▸ INPUT MATERIAL:
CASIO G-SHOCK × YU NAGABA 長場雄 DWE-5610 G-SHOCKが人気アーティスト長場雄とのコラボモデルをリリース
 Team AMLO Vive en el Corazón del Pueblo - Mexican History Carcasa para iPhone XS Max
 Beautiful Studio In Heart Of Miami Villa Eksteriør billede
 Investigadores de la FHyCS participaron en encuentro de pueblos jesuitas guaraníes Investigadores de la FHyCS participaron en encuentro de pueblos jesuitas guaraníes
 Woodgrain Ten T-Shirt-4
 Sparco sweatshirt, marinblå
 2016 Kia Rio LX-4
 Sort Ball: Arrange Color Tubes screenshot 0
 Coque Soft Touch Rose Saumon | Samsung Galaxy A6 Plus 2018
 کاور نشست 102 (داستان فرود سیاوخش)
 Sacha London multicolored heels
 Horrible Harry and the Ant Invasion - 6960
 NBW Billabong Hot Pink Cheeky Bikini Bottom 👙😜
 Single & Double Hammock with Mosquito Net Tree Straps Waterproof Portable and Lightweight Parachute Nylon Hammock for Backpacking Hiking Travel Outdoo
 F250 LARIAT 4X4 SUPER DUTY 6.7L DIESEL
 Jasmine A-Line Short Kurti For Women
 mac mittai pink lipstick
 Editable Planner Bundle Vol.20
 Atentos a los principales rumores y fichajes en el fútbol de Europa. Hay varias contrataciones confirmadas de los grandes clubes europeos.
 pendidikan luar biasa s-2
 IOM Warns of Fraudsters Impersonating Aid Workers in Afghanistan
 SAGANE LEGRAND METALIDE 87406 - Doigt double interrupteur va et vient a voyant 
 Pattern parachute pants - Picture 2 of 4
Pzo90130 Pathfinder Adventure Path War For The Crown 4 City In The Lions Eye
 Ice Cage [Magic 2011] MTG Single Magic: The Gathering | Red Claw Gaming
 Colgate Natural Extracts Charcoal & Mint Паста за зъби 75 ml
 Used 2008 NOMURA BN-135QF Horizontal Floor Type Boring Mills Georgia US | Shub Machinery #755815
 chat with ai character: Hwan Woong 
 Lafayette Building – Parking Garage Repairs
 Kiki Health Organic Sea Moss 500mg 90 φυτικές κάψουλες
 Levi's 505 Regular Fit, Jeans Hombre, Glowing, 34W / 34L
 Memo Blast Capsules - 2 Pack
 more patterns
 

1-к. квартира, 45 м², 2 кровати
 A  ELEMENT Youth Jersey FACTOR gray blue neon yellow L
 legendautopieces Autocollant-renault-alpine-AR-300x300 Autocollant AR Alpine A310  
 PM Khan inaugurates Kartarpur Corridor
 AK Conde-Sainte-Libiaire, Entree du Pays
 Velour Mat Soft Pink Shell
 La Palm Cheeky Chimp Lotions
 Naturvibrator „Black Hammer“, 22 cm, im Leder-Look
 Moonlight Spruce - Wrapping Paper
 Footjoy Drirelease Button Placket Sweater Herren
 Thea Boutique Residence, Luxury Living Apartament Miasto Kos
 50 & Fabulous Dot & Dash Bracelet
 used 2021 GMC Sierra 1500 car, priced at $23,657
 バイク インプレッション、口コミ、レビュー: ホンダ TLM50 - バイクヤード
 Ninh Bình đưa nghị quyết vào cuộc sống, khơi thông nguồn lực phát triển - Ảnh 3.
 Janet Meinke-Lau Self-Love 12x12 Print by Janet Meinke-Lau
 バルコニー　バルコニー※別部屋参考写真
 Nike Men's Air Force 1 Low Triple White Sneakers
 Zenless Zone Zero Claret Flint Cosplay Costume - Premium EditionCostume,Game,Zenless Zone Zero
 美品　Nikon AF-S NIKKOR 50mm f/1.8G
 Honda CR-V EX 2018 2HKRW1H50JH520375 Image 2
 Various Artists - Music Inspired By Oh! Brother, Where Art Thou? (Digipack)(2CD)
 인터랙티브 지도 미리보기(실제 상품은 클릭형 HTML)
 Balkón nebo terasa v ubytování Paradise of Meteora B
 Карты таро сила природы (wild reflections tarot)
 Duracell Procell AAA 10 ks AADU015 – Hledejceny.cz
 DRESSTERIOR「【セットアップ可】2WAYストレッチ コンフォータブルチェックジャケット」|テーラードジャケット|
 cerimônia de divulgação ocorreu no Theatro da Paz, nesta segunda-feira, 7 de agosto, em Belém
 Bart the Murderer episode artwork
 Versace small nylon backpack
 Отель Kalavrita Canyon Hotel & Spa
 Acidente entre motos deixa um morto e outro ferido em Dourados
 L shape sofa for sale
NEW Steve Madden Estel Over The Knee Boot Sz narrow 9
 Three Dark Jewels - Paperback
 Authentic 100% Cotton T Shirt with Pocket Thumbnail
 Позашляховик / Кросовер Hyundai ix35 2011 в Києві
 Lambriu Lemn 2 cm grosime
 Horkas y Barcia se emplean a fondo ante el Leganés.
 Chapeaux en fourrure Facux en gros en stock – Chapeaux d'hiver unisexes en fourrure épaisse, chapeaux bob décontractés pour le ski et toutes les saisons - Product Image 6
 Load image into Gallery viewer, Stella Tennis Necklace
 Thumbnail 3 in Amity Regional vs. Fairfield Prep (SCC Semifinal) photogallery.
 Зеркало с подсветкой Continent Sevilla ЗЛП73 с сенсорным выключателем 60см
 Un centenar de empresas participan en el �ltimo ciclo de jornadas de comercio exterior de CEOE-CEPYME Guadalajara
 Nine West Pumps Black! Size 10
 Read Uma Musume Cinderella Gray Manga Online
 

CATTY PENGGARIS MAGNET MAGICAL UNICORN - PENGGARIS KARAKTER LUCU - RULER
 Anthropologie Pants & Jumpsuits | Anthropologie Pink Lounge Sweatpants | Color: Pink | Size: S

▸ YOUR GOAL: Set down each line of the data precisely as it appears above.

▸ ANSWER BOX:
CASIO G-SHOCK × YU NAGABA 長場雄 DWE-5610 G-SHOCKが人気アーティスト長場雄とのコラボモデルをリリース
 Team AMLO Vive en el Corazón del Pueblo - Mexican History Carcasa para iPhone XS Max
 Beautiful Studio In Heart Of Miami Villa Eksteriør billede
 Investigadores de la FHyCS participaron en encuentro de pueblos jesuitas guaraníes Investigadores de la FHyCS participaron en encuentro de pueblos jesuitas guaraníes
 Woodgrain Ten T-Shirt-4
 Sparco sweatshirt, marinblå
 2016 Kia Rio LX-4
 Sort Ball: Arrange Color Tubes screenshot 0
 Coque Soft Touch Rose Saumon | Samsung Galaxy A6 Plus 2018
 کاور نشست 102 (داستان فرود سیاوخش)
 Sacha London multicolored heels
 Horrible Harry and the Ant Invasion - 6960
 NBW Billabong Hot Pink Cheeky Bikini Bottom 👙😜
 Single & Double Hammock with Mosquito Net Tree Straps Waterproof Portable and Lightweight Parachute Nylon Hammock for Backpacking Hiking Travel Outdoo
 F250 LARIAT 4X4 SUPER DUTY 6.7L DIESEL
 Jasmine A-Line Short Kurti For Women
 mac mittai pink lipstick
 Editable Planner Bundle Vol.20
 Atentos a los principales rumores y fichajes en el fútbol de Europa. Hay varias contrataciones confirmadas de los grandes clubes europeos.
 pendidikan luar biasa s-2
 IOM Warns of Fraudsters Impersonating Aid Workers in Afghanistan
 SAGANE LEGRAND METALIDE 87406 - Doigt double interrupteur va et vient a voyant 
 Pattern parachute pants - Picture 2 of 4
Pzo90130 Pathfinder Adventure Path War For The Crown 4 City In The Lions Eye
 Ice Cage [Magic 2011] MTG Single Magic: The Gathering | Red Claw Gaming
 Colgate Natural Extracts Charcoal & Mint Паста за зъби 75 ml
 Used 2008 NOMURA BN-135QF Horizontal Floor Type Boring Mills Georgia US | Shub Machinery #755815
 chat with ai character: Hwan Woong 
 Lafayette Building – Parking Garage Repairs
 Kiki Health Organic Sea Moss 500mg 90 φυτικές κάψουλες
 Levi's 505 Regular Fit, Jeans Hombre, Glowing, 34W / 34L
 Memo Blast Capsules - 2 Pack
 more patterns
 

1-к. квартира, 45 м², 2 кровати
 A  ELEMENT Youth Jersey FACTOR gray blue neon yellow L
 legendautopieces Autocollant-renault-alpine-AR-300x300 Autocollant AR Alpine A310  
 PM Khan inaugurates Kartarpur Corridor
 AK Conde-Sainte-Libiaire, Entree du Pays
 Velour Mat Soft Pink Shell
 La Palm Cheeky Chimp Lotions
 Naturvibrator „Black Hammer“, 22 cm, im Leder-Look
 Moonlight Spruce - Wrapping Paper
 Footjoy Drirelease Button Placket Sweater Herren
 Thea Boutique Residence, Luxury Living Apartament Miasto Kos
 50 & Fabulous Dot & Dash Bracelet
 used 2021 GMC Sierra 1500 car, priced at $23,657
 バイク インプレッション、口コミ、レビュー: ホンダ TLM50 - バイクヤード
 Ninh Bình đưa nghị quyết vào cuộc sống, khơi thông nguồn lực phát triển - Ảnh 3.
 Janet Meinke-Lau Self-Love 12x12 Print by Janet Meinke-Lau
 バルコニー　バルコニー※別部屋参考写真
 Nike Men's Air Force 1 Low Triple White Sneakers
 Zenless Zone Zero Claret Flint Cosplay Costume - Premium EditionCostume,Game,Zenless Zone Zero
 美品　Nikon AF-S NIKKOR 50mm f/1.8G
 Honda CR-V EX 2018 2HKRW1H50JH520375 Image 2
 Various Artists - Music Inspired By Oh! Brother, Where Art Thou? (Digipack)(2CD)
 인터랙티브 지도 미리보기(실제 상품은 클릭형 HTML)
 Balkón nebo terasa v ubytování Paradise of Meteora B
 Карты таро сила природы (wild reflections tarot)
 Duracell Procell AAA 10 ks AADU015 – Hledejceny.cz
 DRESSTERIOR「【セットアップ可】2WAYストレッチ コンフォータブルチェックジャケット」|テーラードジャケット|
 cerimônia de divulgação ocorreu no Theatro da Paz, nesta segunda-feira, 7 de agosto, em Belém
 Bart the Murderer episode artwork
 Versace small nylon backpack
 Отель Kalavrita Canyon Hotel & Spa
 Acidente entre motos deixa um morto e outro ferido em Dourados
 L shape sofa for sale
NEW Steve Madden Estel Over The Knee Boot Sz narrow 9
 Three Dark Jewels - Paperback
 Authentic 100% Cotton T Shirt with Pocket Thumbnail
 Позашляховик / Кросовер Hyundai ix35 2011 в Києві
 Lambriu Lemn 2 cm grosime
 Horkas y Barcia se emplean a fondo ante el Leganés.
 Chapeaux en fourrure Facux en gros en stock – Chapeaux d'hiver unisexes en fourrure épaisse, chapeaux bob décontractés pour le ski et toutes les saisons - Product Image 6
 Load image into Gallery viewer, Stella Tennis Necklace
 Thumbnail 3 in Amity Regional vs. Fairfield Prep (SCC Semifinal) photogallery.
 Зеркало с подсветкой Continent Sevilla ЗЛП73 с сенсорным выключателем 60см
 Un centenar de empresas participan en el �ltimo ciclo de jornadas de comercio exterior de CEOE-CEPYME Guadalajara
 Nine West Pumps Black! Size 10
 Read Uma Musume Cinderella Gray Manga Online
 

CATTY PENGGARIS MAGNET MAGICAL UNICORN - PENGGARIS KARAKTER LUCU - RULER
 Anthropologie Pants & Jumpsuits | Anthropologie Pink Lounge Sweatpants | Color: Pink | Size: S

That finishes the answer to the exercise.